Nitriding is treating the metal to harden it (I think). It only affects the outer layer of the metal, and increases its strenght which is why you wouldnt grind a nitrided crank.

Apparently (from what I have read) kryogenically treating components can have a greater increase in strength - more so than nitriding.

yeh i have also read good things about cryo freezing parts to increase strength.

i think heat treating them hardens the outersurface, whereas freezing hardens the outer surface as well as the inside of the object...

or something like that

lowlux... Rod preperation work is bloody expensive... You're looking at 6-800 dollars for all that stuff alone.
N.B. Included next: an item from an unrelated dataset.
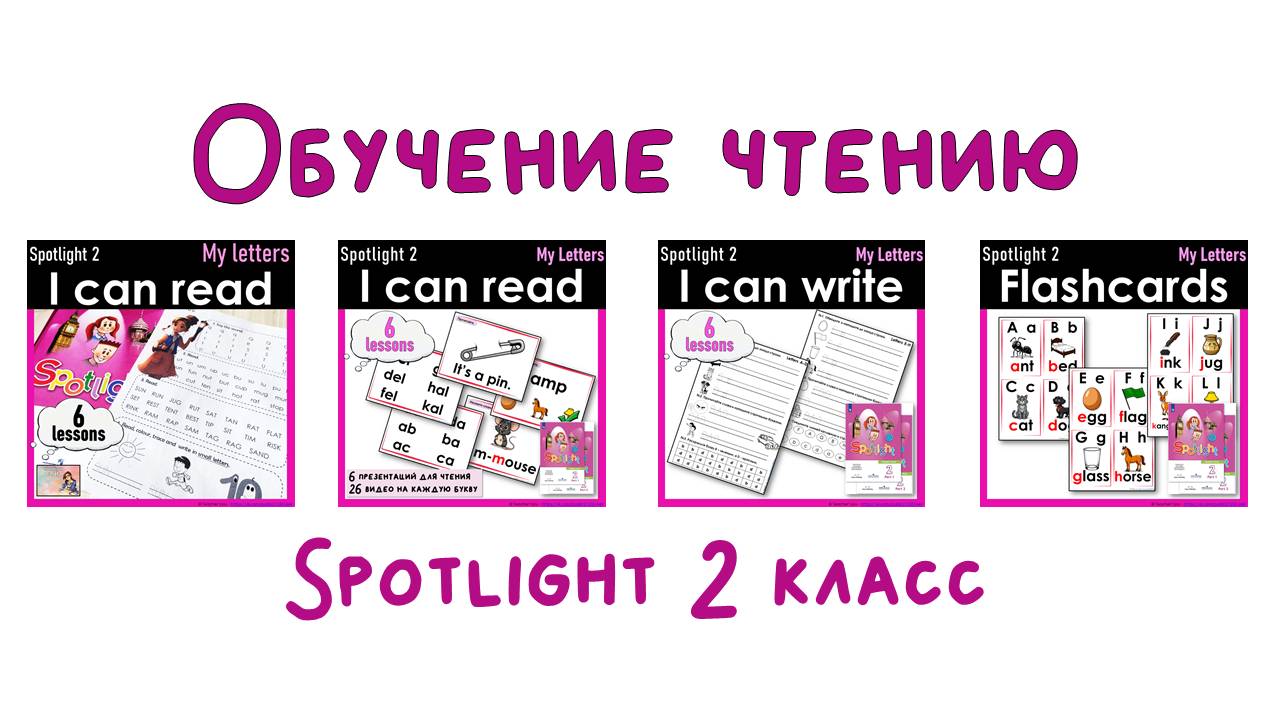 Spotlight 2 Обучение чтению за 6 уроков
If you can afford to spend the money, I think getting custom rods are the way to go IMO.

BTW - If you want to know what shot peening is, it's definition and explaination are here (much better than I could ever explain it): http://www.shotpeener.com/learning/story_peening.pdf

Essentially, it compresses the surface metal, and the extra pressure is (to paraphrase) "extremely beneficial in preventing fatigue failures".

Similar to a blacksmith making a sword I guess... Go have a read, it's very interesting stuff.

matt

Yep that's right... That's only if you want to work with the non-turbo block.

My motor came out of a VERY late model VL Wagon (Non turbo)... The rods in it were slightly chunkier around the rod bolt (see attached photo)...

Originally posted by -Joel-

I remembered one crucial detail about the conversion:

The Block.

Make sure it is a VL Series II block that has the provision for the oil line. Or was it the water lines... I forget.. :)

I read somewhere that factory RB26 pistons are forged, and are good for up to 550+bhp.

If there is no problem with the CR, they might be a reasonable alternative to aftermarket forgies if not chasing huge hp.

Also they have holes in the bottom for oil cooling, would they have and adverse effect on stregth if not bein cooled by the squirters?

It wouldn't be hard to adapt the RB20/25/26 oil squirters.. Well apparently it isn't. There is a bloke in Edwardstown that builds up rb30DET's when I asked about the oil squirters he said he always fits oil squirters in to the RB30DET Block.